The students were each required to sculpt the heart and then do something like what you see above with it and then they were required to sketch a front, side, and back OR aerial view of their idea as well as be prepared to explain and defend the design decisions they made. They have been sculpting for two solid days of class and they are expected to have all of their sculpting done so that their pieces are ready to be sealed, painted, and mounted on pedestals at the start of next week.



So far they are doing very well and learning a lot but I will say that my sinuses are not loving all of the styrofoam dust being scraped and whittled and then kicked up in the process. Oh well. It's totally worth it if you ask me.

Wednesday, September 12, 2012

The need for SPEED (art)

Do you do "speed art" or quick drawing exercises in your classroom? I have never done them before this year but I have been doing them in the 2D Design class and I am thinking that they are here to stay. I like them so much that I actually might adapt them to the 3D Design class. I find that they really loosen the students up (especially when I find them holding fast to their very in-the-box ideas) in addition to it teaching them to think a little more spontaneously and on their feet. Something else it does? It debunks the myth that a successful piece of artwork does not always require immense amount of time, intense effort, or ridiculous planning.
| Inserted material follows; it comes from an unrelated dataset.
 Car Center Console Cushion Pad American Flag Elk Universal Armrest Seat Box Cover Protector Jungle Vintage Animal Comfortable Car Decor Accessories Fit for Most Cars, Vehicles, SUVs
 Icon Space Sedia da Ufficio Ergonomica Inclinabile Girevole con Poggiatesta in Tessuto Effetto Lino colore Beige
This isn't to say that really successful works of art should only be done on the fly and in the moment per se but it's much more to help the students to see different ways to carry out a creative process for the purpose of creating visual art.

It absolutely warms my heart to look at all of the students so deeply invested AND interested in the task at hand.
During my most recently finished 2D Design project venture and also their current project (that I cannot decide on a better name for), I have done quick drawing exercises in the midst of their creative processing and each time I have been more excited and encouraged to keep doing them. I mean, have you ever seen students to fully engaged and invested as this?

One thing that I have found is very helpful to help facilitate the excitement and establish proper pacing for speed art/quick drawing type exercises is to use music to keep time. I prefer to use pieces that do not have lyrics and the one I used while the students were working in the picture taken above was Bach's English Suite 2 in A minor BMV 807 - Prelude. Here is the exact version I played. It is a solid four and a half minutes long and it even seems like it slows down to stop all together part way through which really makes it tricky for the students since they will almost stop and then realize that they have at least another minute left to keep working...


I feel like the Bach piece really has a good rhythm to keep things moving, it's interesting and appealing to the ear, and it also exposes them to another great type of art! Some of my other music selections I think are appropriate are jazz pieces. I am a huge fan of jazz standards specifically.